Yeah, it was a real appetite-killer.
But those data tools I mentioned earlier will make learning easier and harder for you than it has been for him—easier, because you’ll have so much more information at your fingertips; harder, because you’ll be expected to be much more current than health professionals are now.
You also must be prepared to see health care in a way that we haven’t before—not as a series of episodic interventions when somebody is sick, but as an ongoing, constant effort to keep people from getting sick in the first place. It’s not your responsibility to make sure people stay healthy. It can’t be. But it is your responsibility to help them understand the importance of maintaining health and, when they ask, helping them to achieve it.

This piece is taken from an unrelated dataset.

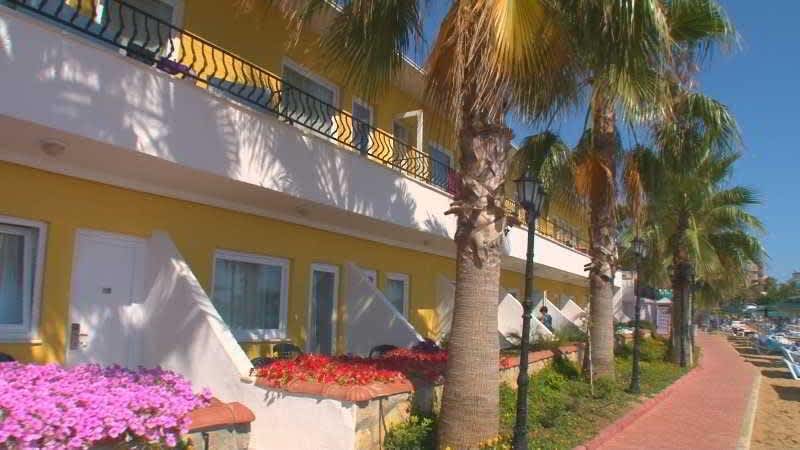 Antik Hotel 2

I feel a bit sheepish giving you orders like this. After all, I don’t have a graduate degree in health like you do. But you’ll hear the same thing from people who are bona fide experts, like Atul Gawande, the surgeon and writer for the New Yorker who, in a great commencement speech not long ago, talked about the need to “corral cowboys” and operate like “pit crews,” and said that “making systems work in health care … is the great task of your and my generation of clinicians and scientists.”
Still, even that won’t be enough. There’s one more thing—and here we get closer to my area of real expertise. I mentioned before that public policy can’t, by itself, fix what’s wrong with our health care system. But that doesn’t mean it can’t or won’t play a big role. If the last few years are indicative, we’re going to be arguing about health care policy for a long time.
That’s a good thing. It’s a cliché to say we have too much bickering in American politics but I don’t think that’s quite right. These are important questions, involving some of our most cherished values. We should argue about them—loudly, vigorously, relentlessly. But we should argue about them intelligently, or at least more intelligently than we have. A recent survey by the Kaiser Family Foundation showed that the majority of Americans don’t actually know what’s in the new health care law. If we don't even know what's in the law, how can we possibly know what to think of it?
Blame the politicians if you want. Or blame the media if you prefer. People hate us almost as much as they hate lawyers. But there’s only so much we can do. Just like pharmacists can’t make people take their medicine and therapists can’t make people do their exercises, journalists and elected officials can’t make people pay attention to the facts.
Of course, many people don’t have time to learn the facts. They’re busy making a living, feeding the kids, keeping the house—and it’s damn near impossible to remember who said what about which bill. But somebody has to do it and, I’m afraid, that somebody has to include you
...because you actually understand how the health care system works.
...because you have influence, via the friends and neighbors and customers and patients who will ask you what you think.
...and because the feedback you give, directly and indirectly, will help the people making policy in Washington—or, in my case, writing about it.
So pay attention: Read a daily newspaper or do what the kids do and follow some good RSS feeds. Listen to long-form radio shows and crack open a book once in a while.
And while you’re doing that, keep an open mind. If you’re a liberal, turn on Fox News and read the Wall Street Journal editorial page. If you’re a conservative, turn on Jon Stewart or read Paul Krugman. Or, better still, read me.
At worst, you’ll hear nonsense that will strengthen your convictions. At best, you’ll hear things that cause you to re-examine some of your own positions—and lead you to better understanding of other people, even if you don’t agree with them.
Have I scared you? Have I challenged you? I hope I've done both. I know most of you figured you were headed to careers in the private sector. You are. You're also being drafted into public service.
It's a heavy burden—one unique to your time and your chosen professions. But it is also an opportunity.
You don't just get to heal your patients. You get to your heal your country.
Thank you, good luck, and congratulations.